And then there is Israel. There are only three essays on Israel, but they loom large. The first is a handsome tribute to his late friend, Edward Said, the second, a reassessment of the Six-Day War (his last piece for The New Republic) and the third, an all-out attack on Israel today, ‘The Country That Wouldn’t Grow Up.’

Taken together, these essays are the most provocative and controversial part of the book. A number of key points run through them. First, ‘Israel’s international standing has precipitately collapsed’, and, conversely, the Palestinians have replaced Israel as the object of international sympathy. Israel, writes Judt, is internationally isolated, a pariah, dependent only on American support. Secondly, the ideals of the European founding fathers have given way to a new militarism, nationalism and religious irrationalism. Finally, Israel needs a dramatic change of strategy, ‘a truly statesmanlike shift in its policies…’ These would include; dismantling the major settlements, ‘opening unconditional negotiations with Palestinians, calling Hamas’s bluff by offering its leaders something serious [sic] in return for the recognition of Israel and a cease-fire…’

At this point, Judt’s prose loses its analytic rigour and precision, becoming vague. Negotiations with ‘Palestinians’. Who exactly? Edward Said or Hamas (mentioned just once in the whole book)? Offering ‘its leaders’ (who?) ‘something serious’ (what?). Judt is quick to condemn, but he has nothing constructive to offer. His lack of empathy — Israel today is only the aggressor — leads to a jarring  one-sidedness quite distinct from his masterful, nuanced balancing of complexity in other chapters of history.When he writes about Israel Judt the historian and intellectual essayist descends into polemic and brawl. His tone becomes angry, hectoring and imprecise, as it does in his later attack on intellectuals — Bush’s ‘useful idiots’ — who supported the invasion of Iraq.

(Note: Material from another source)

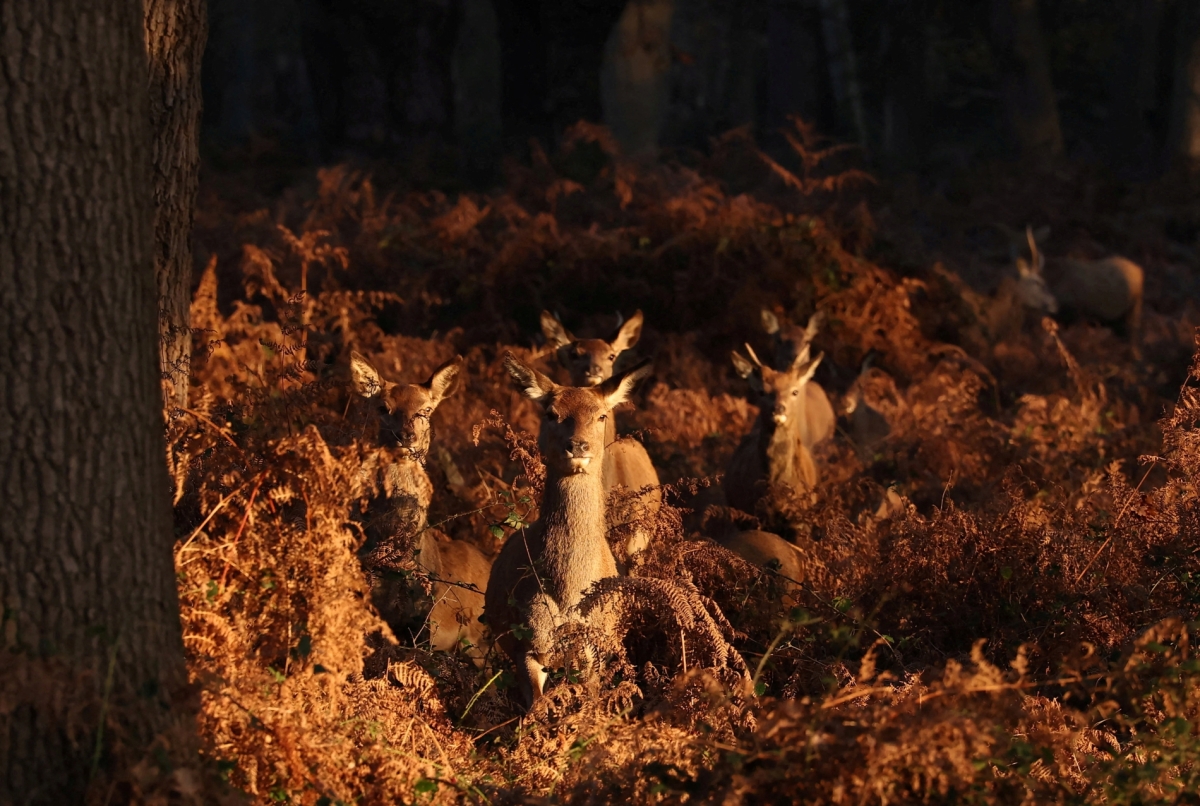 REUTERS / Toby Melville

Raised in the East End, all his grandparents were Yiddish-speaking Jews from eastern Europe. His parents, he told The Guardian, ‘were leftwing, even Marxist, but strongly against Communism.’ As a teenager he was passionately pro-Israel — ‘I was a gung-ho, utterly committed, leftwing Zionist.’ Now, sixty, he has two modes for dealing with the loss of the two faiths that once drove him. One is a kind of mourning for a lost world, the other is a form of contemptuous rage Neither have much to do with the great historian who wrote Postwar and has helped us, through a lifetime’s work, with great sublety and care, understand the complexities, silences and darkness of our recent history.